Ünite 6: Çok Partili Dönem

Tek Parti Yönetiminden Çok Partili Döneme Geçiş

Türkiye II. Dünya Savaşına katılmamasına rağmen, etrafını saran bu büyük savaşın etkilerini her alanda hissetti. Siyasette tek parti idaresi tam anlamıyla kendisini hissettirirken, savaş, Türkiye’yi en fazla ekonomik alanda etkiledi. Savaş esnasında bir milyona yakın askerini silâh altına alan Türkiye, bütçesinin %55’ini milli savunmaya ayırarak her an savaşa girecekmiş gibi hazırlık yaptı. Genç nüfusun askere alınması üretimi düşürdü, yokluk başladı, enflasyon ortaya çıktı ve karaborsacılık yayıldı. Ekmek ve diğer temel tüketim malzemeleri karneyle dağıtılmaya başlandı. Hükümetin ekonomik sorunları çözmek için; Milli Korunma Kanunu, Varlık Vergisi ve Toprak Mahsulleri Vergisi gibi kanunlarla çözüm arama çabaları, ekonomik sorunları sona erdirmediği gibi yeni sosyal ve ekonomik sorunlara sebep oldu. Ülkede siyasal idareye karşı memnuniyetsizlik ve sisteme karşı muhalefet iyice belirginleşti. Toplumda büyük oranda bir değişim ve dönüşüm talebi mevcuttu.

Zor şartlar altında kalan Türkiye, tek parti yönetiminden çok partili hayata geçiş hazırlıklarına hızlı başladı. Türkiye’deki değişimin ilk işaretleri, Birleşmiş Milletler’in kurulması için toplanan San Francisco Konferansı’na katılan Türk Heyeti’nce verildi.
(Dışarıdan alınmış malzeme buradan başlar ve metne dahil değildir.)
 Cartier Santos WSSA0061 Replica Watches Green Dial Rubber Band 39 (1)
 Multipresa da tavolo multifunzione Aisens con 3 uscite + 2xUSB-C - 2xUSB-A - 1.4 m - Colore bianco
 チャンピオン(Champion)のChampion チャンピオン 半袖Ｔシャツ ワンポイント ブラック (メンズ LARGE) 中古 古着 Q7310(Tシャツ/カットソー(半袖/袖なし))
Konferansta Batılı ülkelere Türkiye’de kısa sürede çok partili hayata geçileceğine ilişkin açık mesajlar iletildi.

Demokrat Parti’nin Kurulması ve Programı

CHP, tek parti idaresini bilinen tek parti yönetimlerinden farklı kılacak samimi çabalar gösterdi. Örneğin parlamentoyu sağlıklı çalıştıracak ve iktidarı denetleyebilecek bir ara çözüm üretildi. İktidar partisi içerisinde oluşturulan bağımsız grup ya da müstakil grubun iktidara karşı Mecliste muhalefet yapması ve hükümeti takip ederek denetlemesi planlandı. Müstakil Grup; parti başkanlığına bağlı çalışacak, fakat hükümetin faaliyetlerini açıkça eleştirebilecekti. Ne var ki tek parti döneminde Müstakil Grup, hiçbir zaman planlandığı gibi hareket edemedi ve Meclis içerisinde iktidara karşı denetim yapma gücünü gösteremedi. Oysa parlamentonun sağlıklı çalışması ve Cumhuriyet idaresinde demokratik bir yönetimin tesis edilebilmesi güçlü bir muhalefete bağlıydı.
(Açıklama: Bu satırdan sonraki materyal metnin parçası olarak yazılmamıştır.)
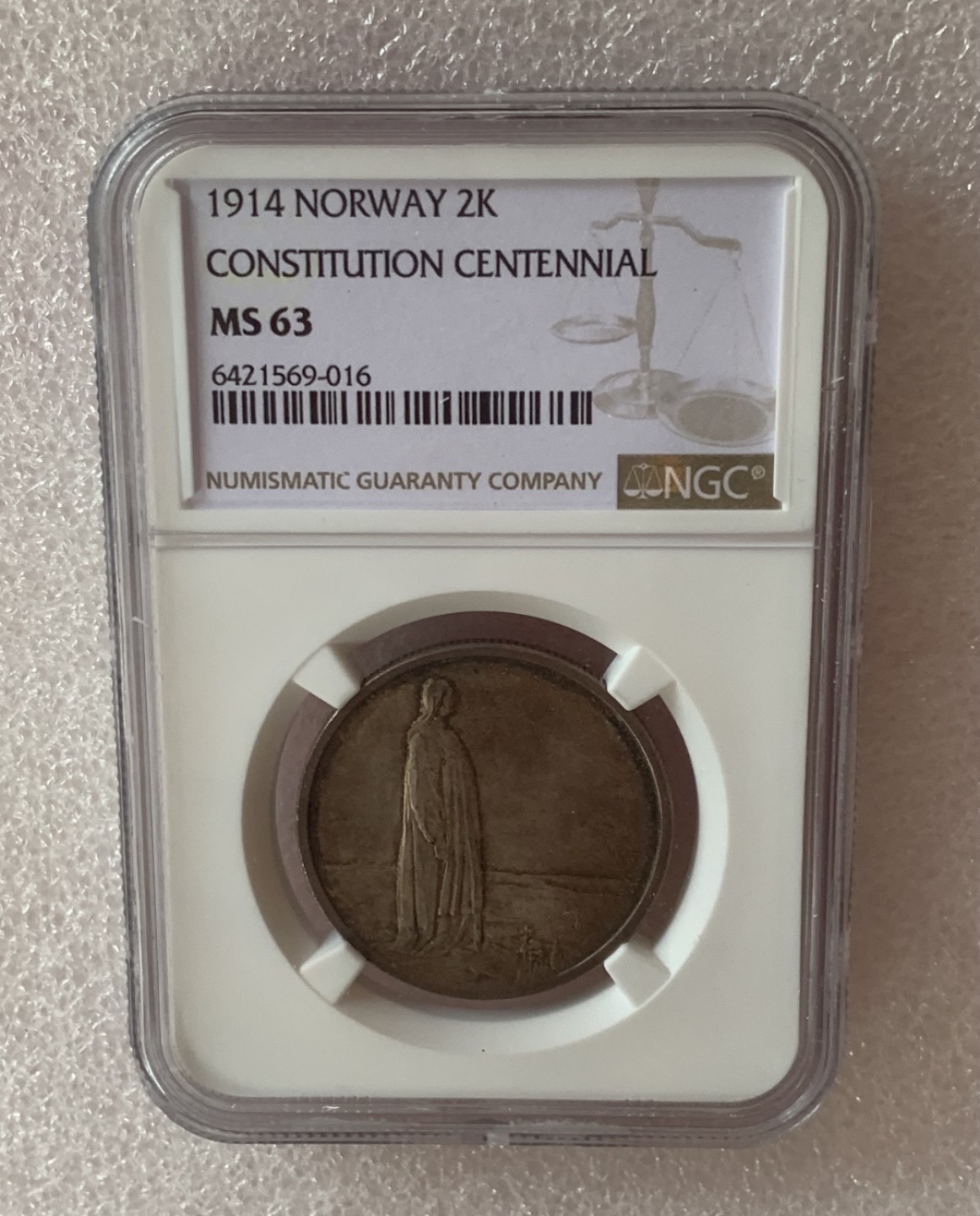 瓶子🏺第77期拍卖会 挪威1914年宪法百年纪念银币 MS63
Çiftçiyi Topraklandırma Kanunu ve Bütçe Kanunu görüşmeleri CHP’de tek parti yönetiminden farklı gerekçelerle rahatsız olan bir grubun daha da belirginleşmesini sağladı. Bu grubun birlikte ve ortak bir şekilde hükümete yönelik ilk talebi hak ve hürriyetlerin genişletilmesi isteği yani “Dörtlü Takrir” ile oldu. Haziran 1945’te Celal Bayar, Adnan Menderes, Refik Koraltan ve Fuat Köprülü’nün imzaladığı bu önerge, CHP Meclis Grup Başkanlığı’na verildi. Kısaca “Dörtlü Takrir” olarak bilinen önergeyle; 1924 Anayasası’nın demokratik ruhuna vurgu yapılarak, Cumhurbaşkanı İsmet İnönü’nün 19 Mayıs konuşması referans gösterilerek, bireysel siyasi hak ve hürriyetlerin genişletilmesi talep ediliyordu. Grupta tartışılan Dörtlü Takrir, CHP yönetimi tarafından uygun görülmedi. Bir yanda daha fazla demokrasi vaat edilirken, diğer yanda siyasi hak ve hürriyetlerin genişletilmesi taleplerinin reddedilmesi bir çelişki gibi gözüküyordu.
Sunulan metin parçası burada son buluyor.